DATA PROVIDED:
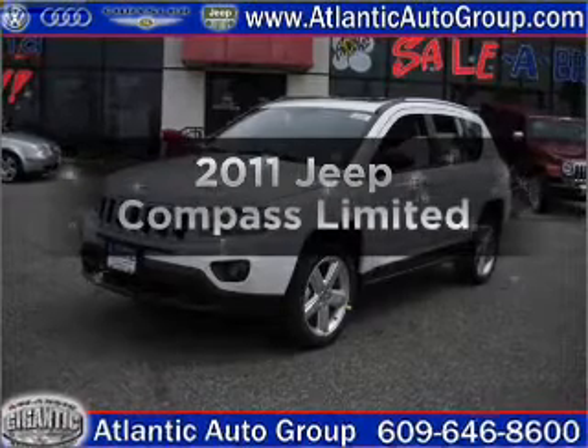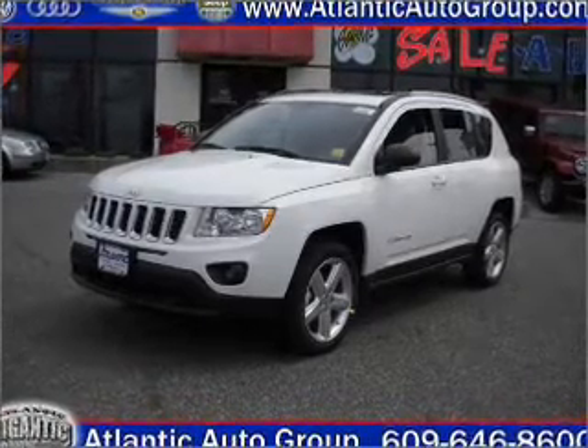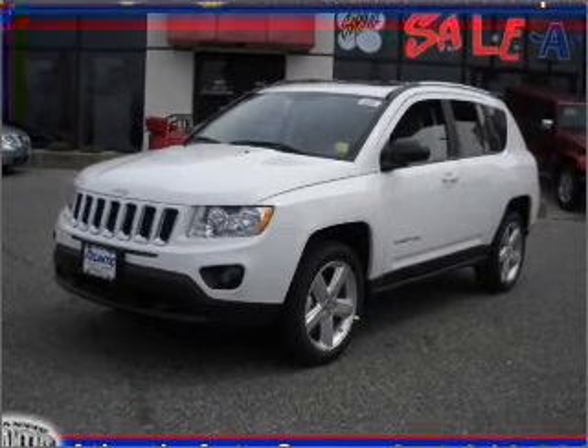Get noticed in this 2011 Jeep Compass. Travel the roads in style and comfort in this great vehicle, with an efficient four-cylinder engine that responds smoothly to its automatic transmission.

==

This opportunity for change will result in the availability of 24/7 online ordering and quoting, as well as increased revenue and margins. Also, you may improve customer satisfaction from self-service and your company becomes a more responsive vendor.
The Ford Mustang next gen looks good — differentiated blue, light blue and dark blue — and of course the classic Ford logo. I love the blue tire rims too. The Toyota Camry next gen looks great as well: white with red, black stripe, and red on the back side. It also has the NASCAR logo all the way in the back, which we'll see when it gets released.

TASK BRIEF: Check each line of the material for the word "well". Copy the ones that have it.

REPLY:
This opportunity for change will result in the availability of 24/7 online ordering and quoting, as well as increased revenue and margins. Also, you may improve customer satisfaction from self-service and your company becomes a more responsive vendor.
The Ford Mustang next gen looks good — differentiated blue, light blue and dark blue — and of course the classic Ford logo. I love the blue tire rims too. The Toyota Camry next gen looks great as well: white with red, black stripe, and red on the back side. It also has the NASCAR logo all the way in the back, which we'll see when it gets released.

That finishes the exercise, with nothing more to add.